As urban areas become mass gathering points for data collection, effectively and fluidly analyzing and storing that data is becoming increasingly labor and network intensive. Having edge data centers at these higher-volume data “pools” will provide public works and emergency services with even more efficient operations and control over surrounding environments. It will also revolutionize how inhabitants carry out day-to-day tasks, as well as the overall design of the urban sprawl.
Autonomous Vehicles
Countless billions of dollars have been thrown into making driverless vehicles along with other improvements through edge computing solutions in the automotive industry. These vehicles will need to gather and process massive quantities of data in real-time to remain safe and effective, such as weather, road conditions, and potential hazards. For that reason, keeping this data stored or accessible as close as possible to major avenues of travel will make these operations significantly more streamlined and efficient.
Healthcare
Healthcare is frequently found to lag behind in adopting current technological advances, let alone experiment with upcoming innovations. However, edge computing offers a world of new opportunities for healthcare operators. Having instant access to live patient data, being able to extrapolate complex problems and develop models for surgeries, all of these things can be made possible and improved upon by edge computing.

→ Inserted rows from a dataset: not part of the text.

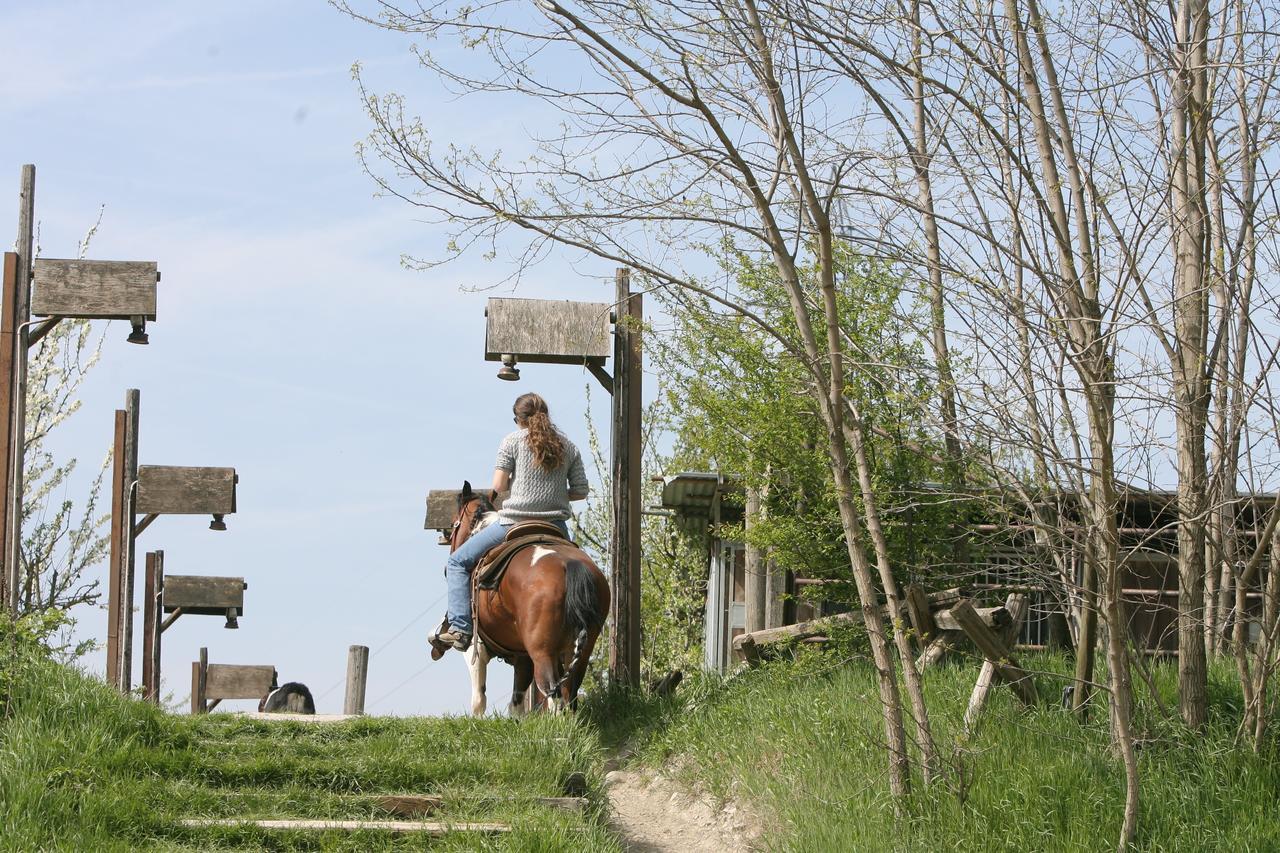 Cowboys Guest Ranch Hotel Voghera Exterior photo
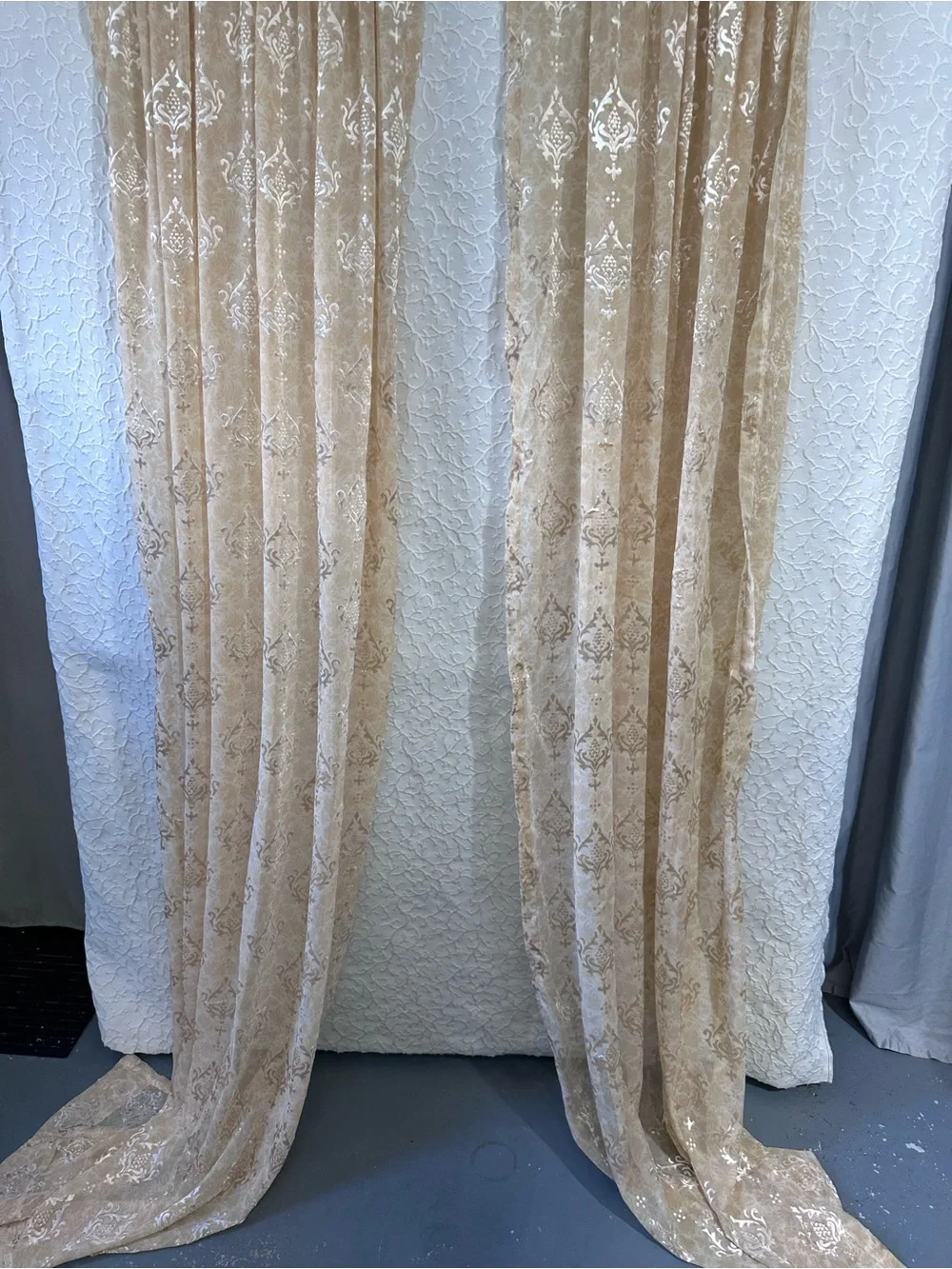 4 pc Semi Sheer Curtains Jacquard Luxury Elegant Pattern Semi-Sheer Curtains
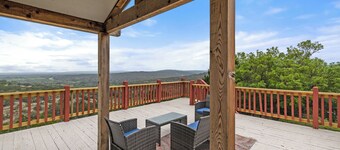 Hilltop/2Kingbeds/Wi-Fi/Sleeps7/Jacuzzi/TerraceDine/Entire2br2baHome/4acres/Pets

This is not only relevant for major healthcare centers, but especially for rural, or remote areas who do not have access to these services in more densely-populated areas. Edge data centers can provide those doctors with a patient’s data instantaneously regardless of their location or its origin.
Industry 4.0
Manufacturing is going through a revolution, with hundreds if not thousands of pieces of equipment able to be “smart” and generate performance metrics data. Edge computing will be invaluable in these cases, in order to greatly improve visibility, provide predictive maintenance alerts, and minimize downtime.
Streaming Services
Video streaming constitutes over 80% of global internet traffic, and with the spread of 5G and fiber-optic networks, along with remote business operations, that number will continue to grow. From Netflix to multinational conference calls and innovative cloud-centralized gaming, edge computing brings a wealth of capabilities and improved operations for various streaming services.
Localizing the data needed to access these information and media streams will offer a much more fluid experience for customers and reduce network load and bandwidth costs for providers. A recent study found that a wide deployment of edge data solutions in these instances could save 2-5% of the global electricity consumption by 2030.